Records shown:
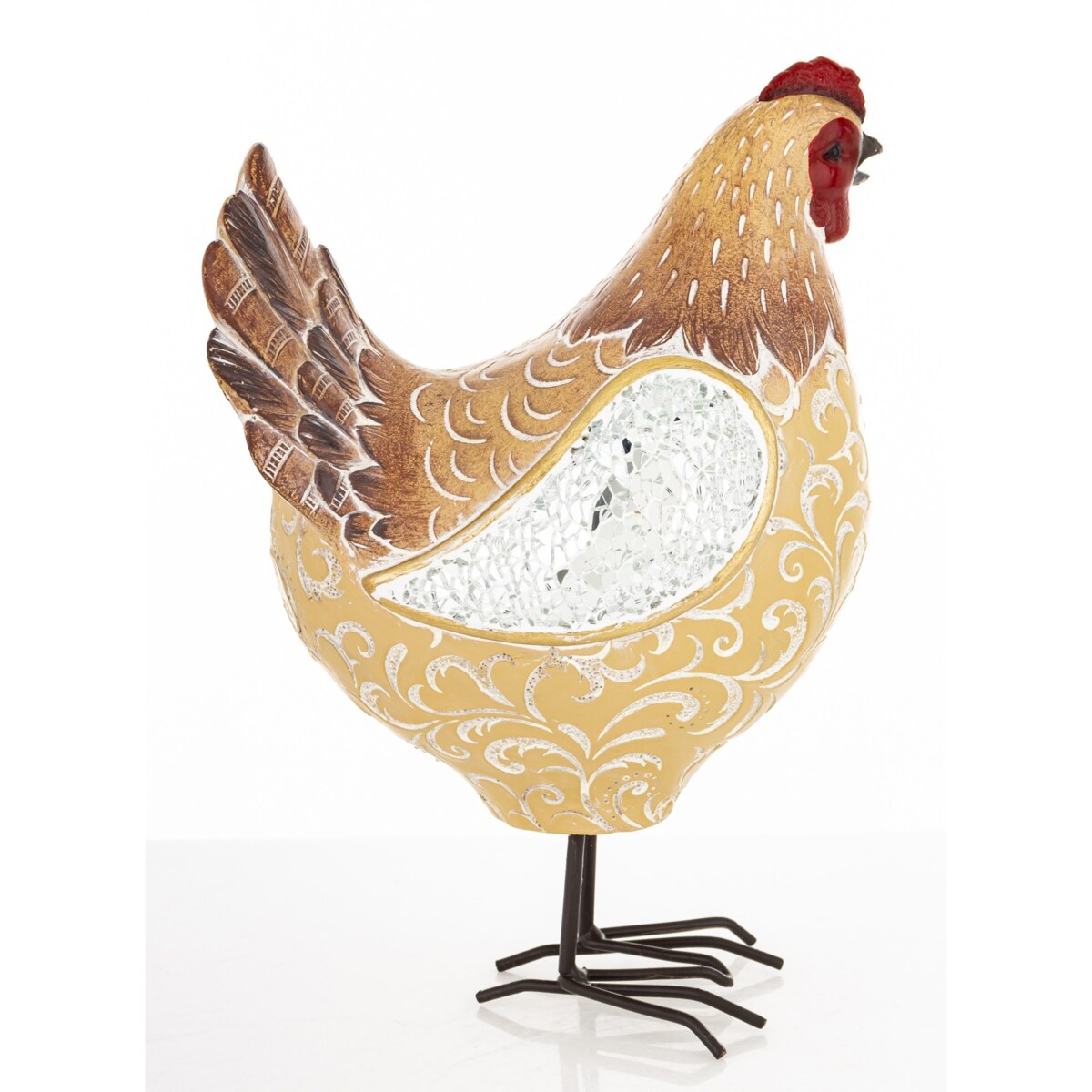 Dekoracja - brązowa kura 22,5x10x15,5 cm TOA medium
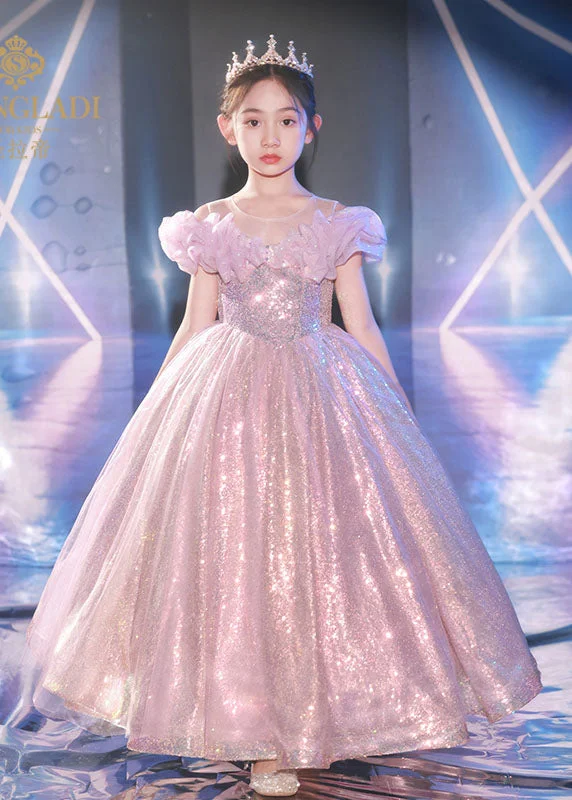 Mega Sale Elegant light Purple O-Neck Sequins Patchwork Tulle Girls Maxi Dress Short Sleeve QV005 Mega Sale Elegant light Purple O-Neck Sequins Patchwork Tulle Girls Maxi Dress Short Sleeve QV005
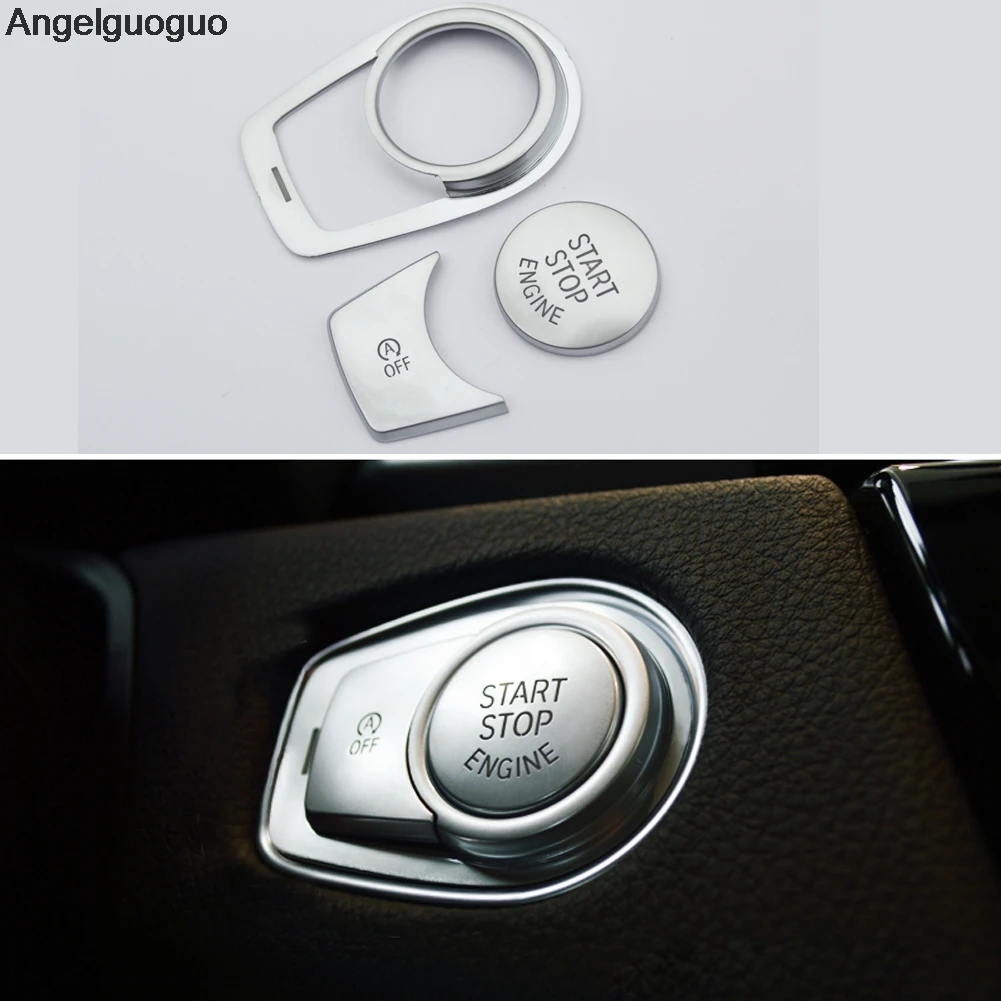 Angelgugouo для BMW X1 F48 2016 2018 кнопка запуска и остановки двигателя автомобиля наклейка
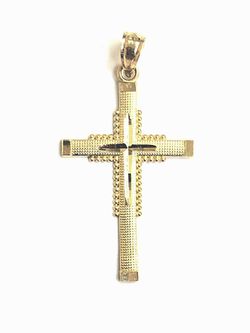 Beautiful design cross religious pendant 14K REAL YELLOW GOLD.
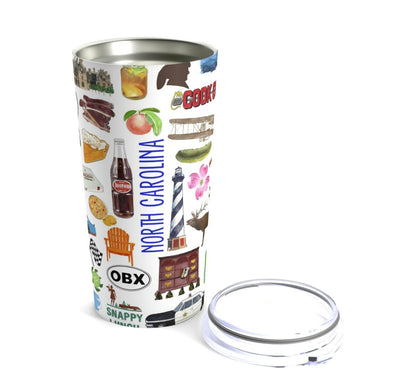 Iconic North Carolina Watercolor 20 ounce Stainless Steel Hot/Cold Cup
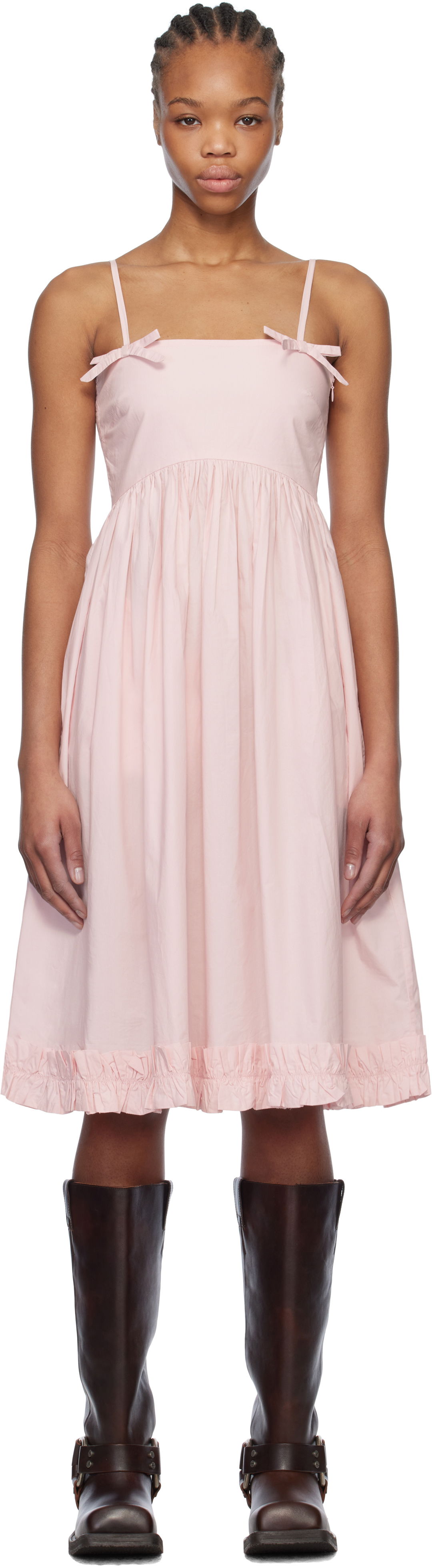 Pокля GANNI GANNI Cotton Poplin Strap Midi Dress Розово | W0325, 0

What the task asks: The lines to retype begin with the one containing "Iconic North Carolina" and end with the last line of the records. Reproduce them exactly and omit the pictures.

Reply to the task:
 Iconic North Carolina Watercolor 20 ounce Stainless Steel Hot/Cold Cup
 Pокля GANNI GANNI Cotton Poplin Strap Midi Dress Розово | W0325, 0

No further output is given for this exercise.